GIVEN MATERIAL |
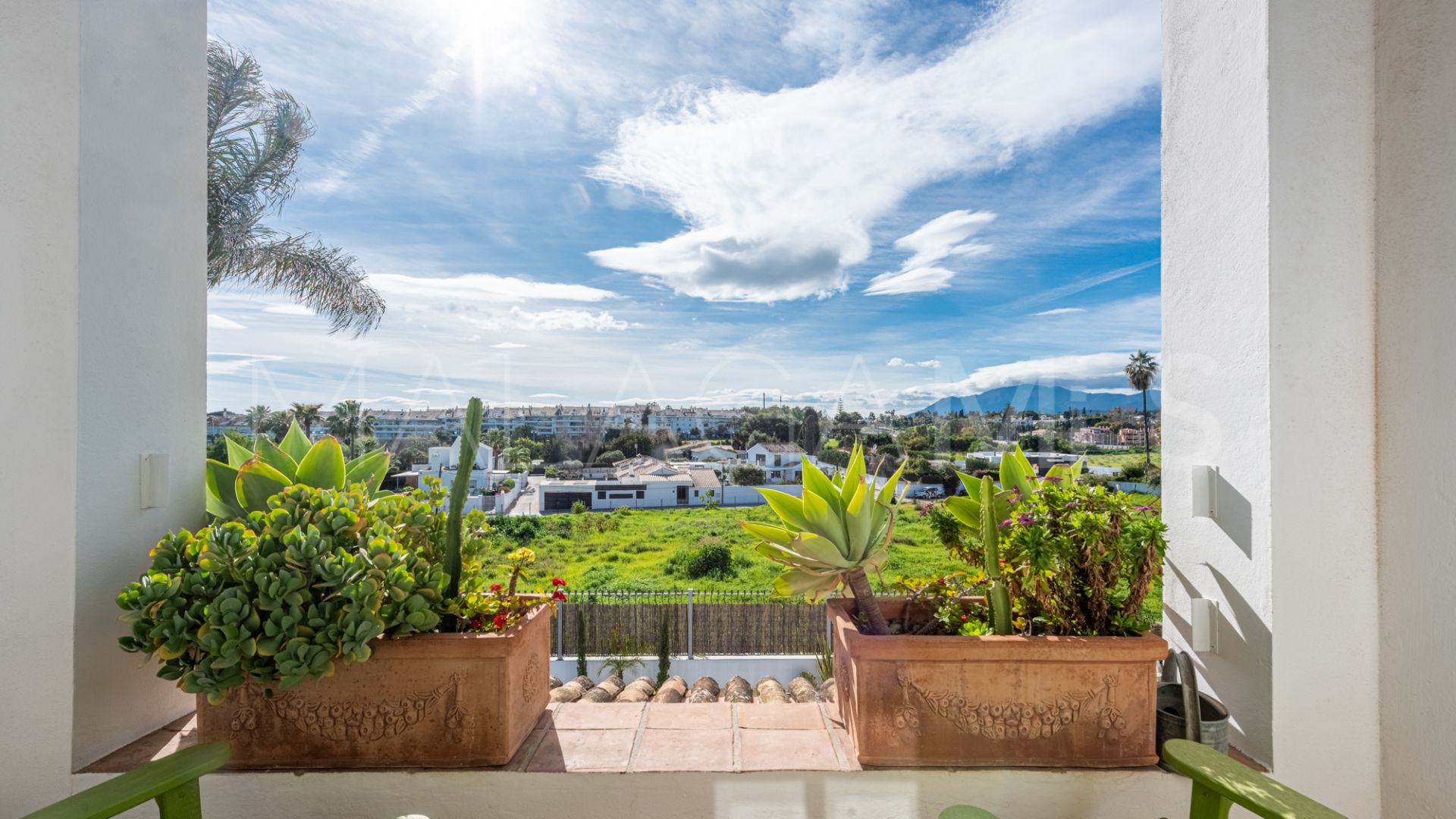 Villa for sale in San Pedro de Alcantara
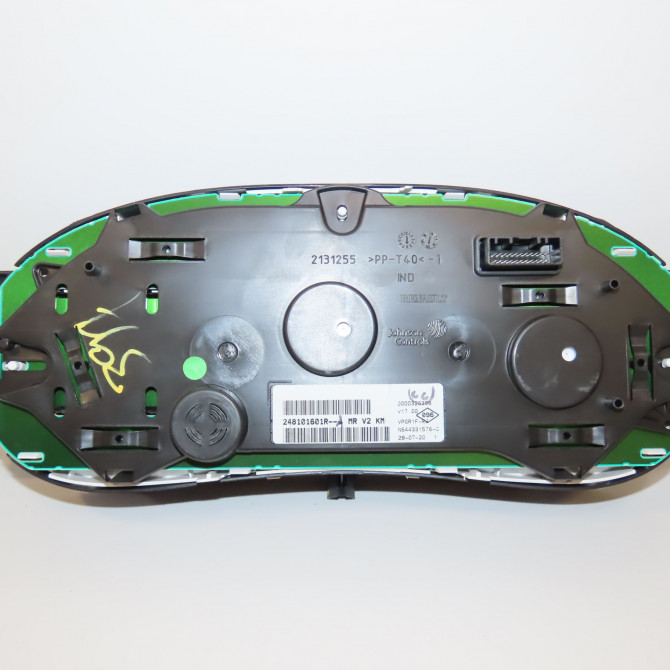 Compteur occasion DACIA SANDERO II Phase 2 02-2017->... 248095099R 2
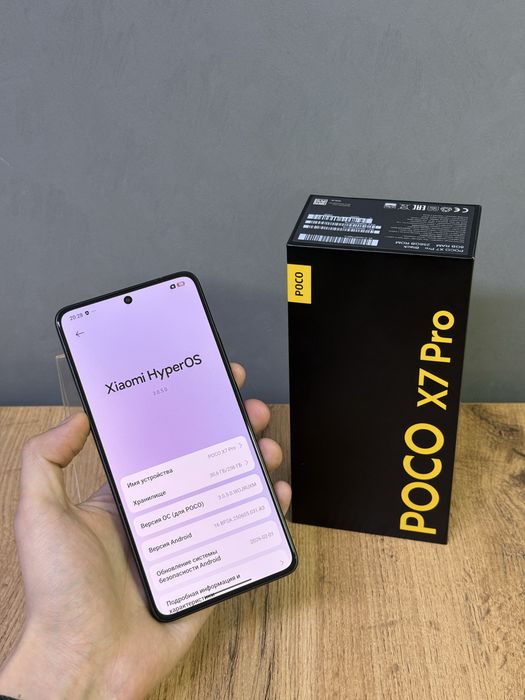Poco X7 Pro 256 GB | Mobile Zone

YOUR INSTRUCTIONS | Give the listing above again in its entirety, exactly as written and free of images.

SOLUTION FOR THIS TASK |
 Villa for sale in San Pedro de Alcantara
 Compteur occasion DACIA SANDERO II Phase 2 02-2017->... 248095099R 2
Poco X7 Pro 256 GB | Mobile Zone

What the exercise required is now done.